Minority shareholders in Barrick will now receive 0.168 new Barrick shares for each share held.

The new offer is a premium of 53.5% to the closing price of 155p a share on May 20, the day prior to the first announcement of a possible offer. The bid is also a premium of 24.2% to the closing price of Acacia of 187p a share on Thursday.

Barrick, which owns 63.9% of Acacia, previously tried to buy minority shareholders in its troubled Africa unit at no premium, with a bid of 193p a share, but Acacia insisted that it is worth 271p a share.

With the new offer, it appears that the parties have met each other halfway. Acacia’s stock shot up 19% to 222p a share in London on Friday morning.

The companies also announced that Barrick would sell Acacia’s exploration properties over the next two years, with net proceeds to be paid to Acacia shareholders.

Acacia said on Friday that the new offer was not only considered fair, but would also allow Barrick to finalise the terms of a settlement agreement with the government of Tanzania.

“It is also an attractive solution for the company’s other key stakeholders, as it may enable Barrick to finalise the terms of a settlement with the government of Tanzania, thereby resolving the long-running disputes and potentially allowing the Acacia group’s Tanzanian business, and its employees in Tanzania, who have provided exceptional and unstinting support in continuing operations in country, to return to a normalised operating environment,” a statement noted.

Acacia is facing significant trouble in Tanzania, where an export ban on metallic mineral concentrates in March 2017 had forced the miner to put Bulyanhulu mine on reduced operations. In addition, there are numerous ongoing unresolved disputes between the Tanzania government and Acacia, including disputes in relation to tax, environmental and criminal matters.

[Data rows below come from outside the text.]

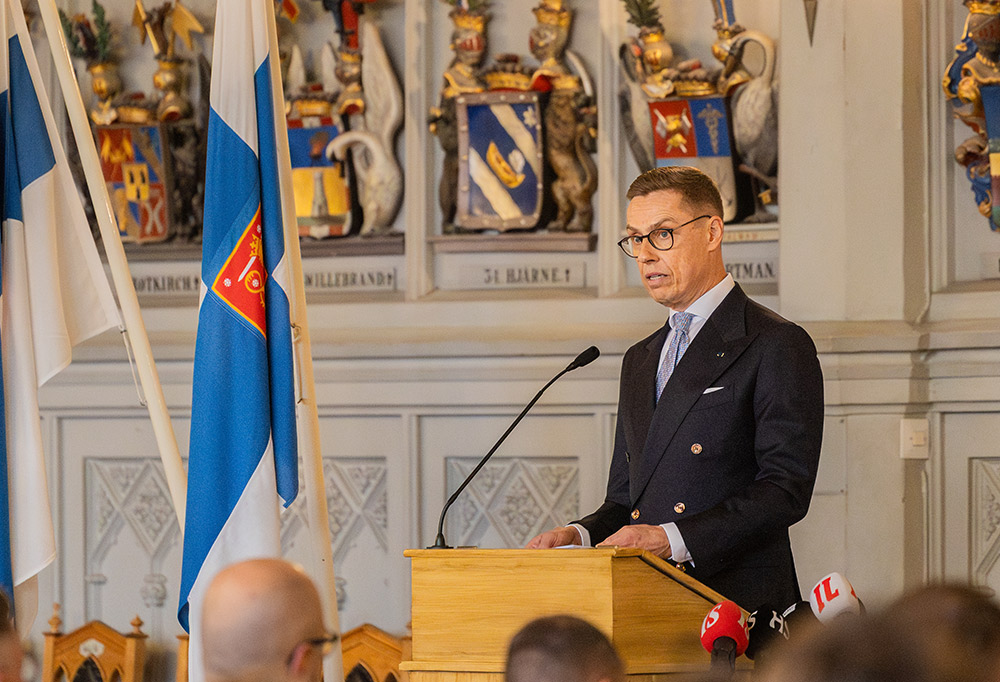 Alexander Stubb puhumassa mikrofoniin puhujanpöntössä. Etualalla yleisöä, vasemmalla kaksi lippua ja taustalla vaakunoita.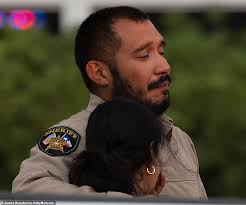 Distraught sheriff's deputy weeps over death of daughter, 10, in Texas  school massacre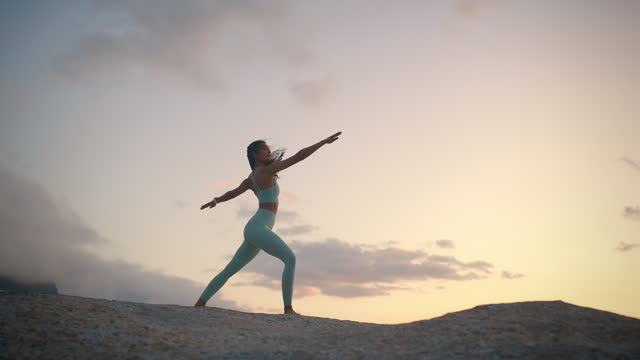 Woman, yoga and warrior pose on beach at sunset for mindfulness practice, balance lotus or healthy self care. Female person, rock and spiritual zen in nature or peace, wellness or healing aura
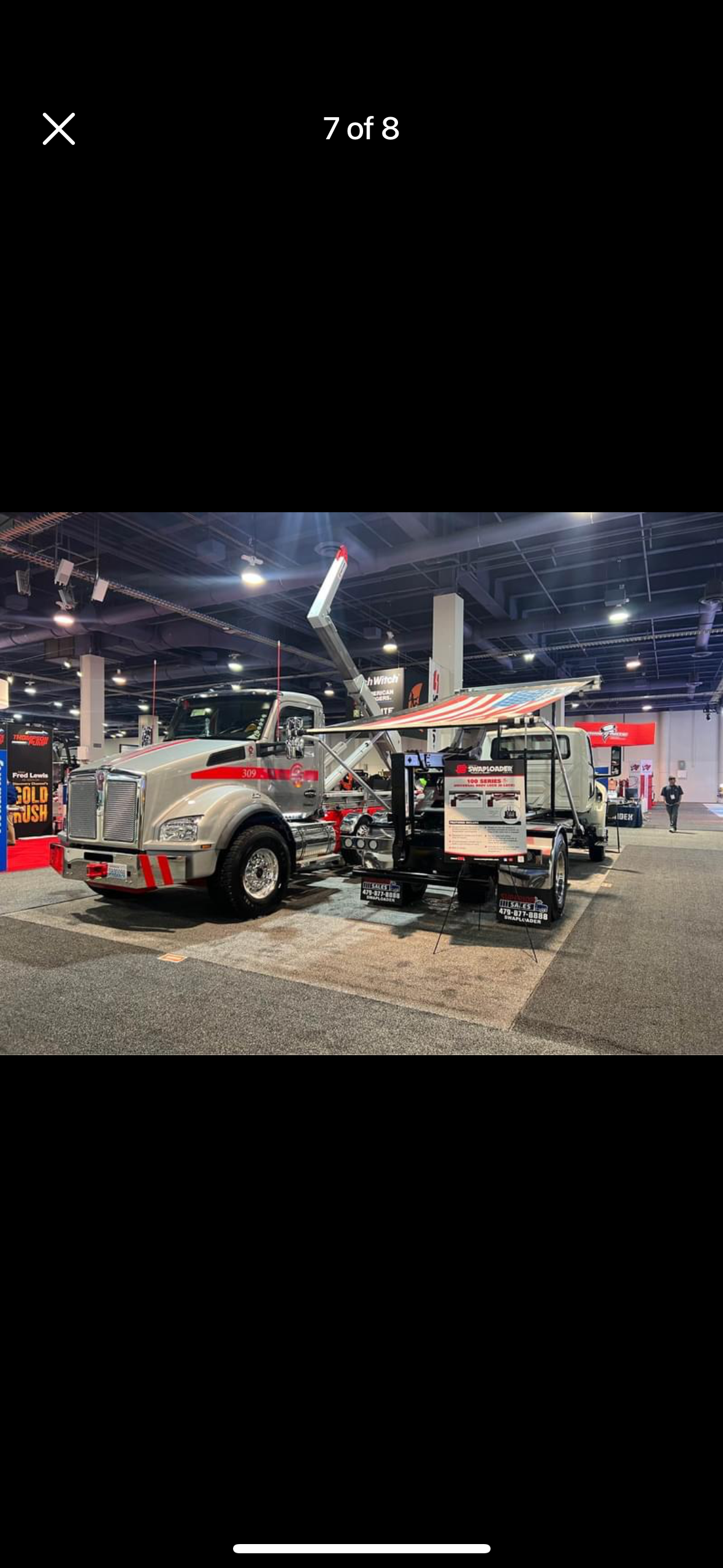 A couple of tow trucks are parked in a room.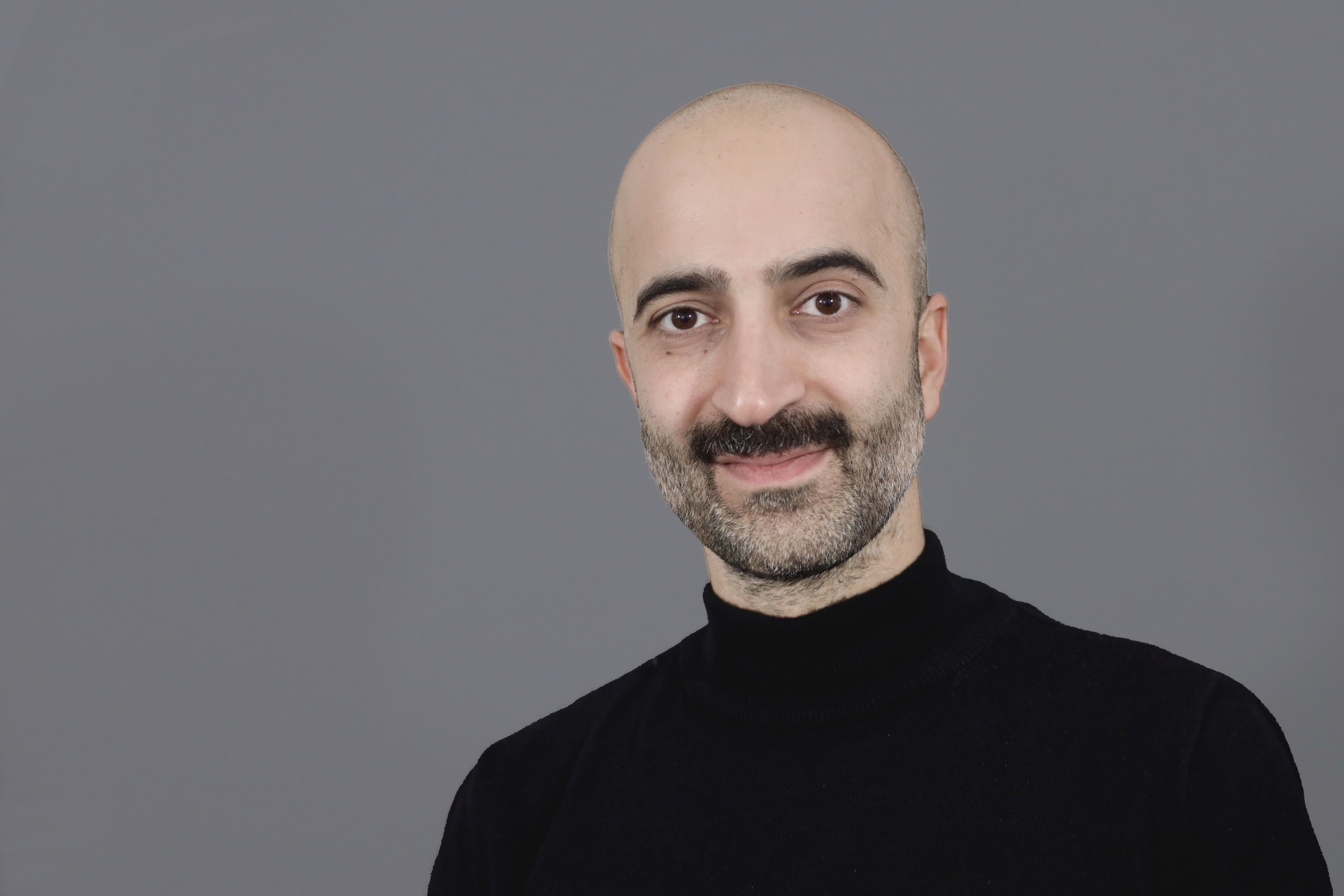 Porträtfoto von Dr. Cihan Çelik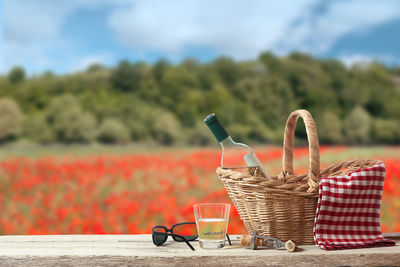 Red chili peppers in basket on table against sky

Acacia was handed a $190-billion tax bill in Tanzania, which had been reduced to $300-million under a 2017 agreement.

As majority shareholder, Barrick had taken charge of negotiations with the government of Tanzania to reach a resolution on various disputes. Acacia was not permitted to participate in discussions and was not involved in negotiating terms.

In May, discussions between Barrick and the government advanced to a point where draft transaction documents for a possible settlement had been extensively negotiated and initialled by the government.

The key principle of the draft agreement is that the government and Acacia’s Tanzanian mine operating subsidiaries will share the economic benefits derived from the mines on a 50:50 basis, based on the life-of-mine plans. The documents also provide for a $300-million payment by the Acacia group for the full, final and comprehensive settlement of all existing disputes between the government and the mining company.

Earlier this week, the North Mara mine had been issued no export letter and a prohibition notice, ordering it to stop using the tailings storage facility. This forced the mine to stop gold production.

“Considering the impending loss of the ability of Acacia to produce gold and operate the mine at North Mara, the Acacia group’s cash flow from operations will be adversely impacted and the Acacia group will be required to meet its on-going working capital requirements and other financial obligations from its existing cash balance. This position is not sustainable and the liquidity of the company will be constrained in the absence of a resolution,” the Acacia statement said.

It is hoped that with the buyout, Barrick would be able to preserve the value of Acacia’s assets.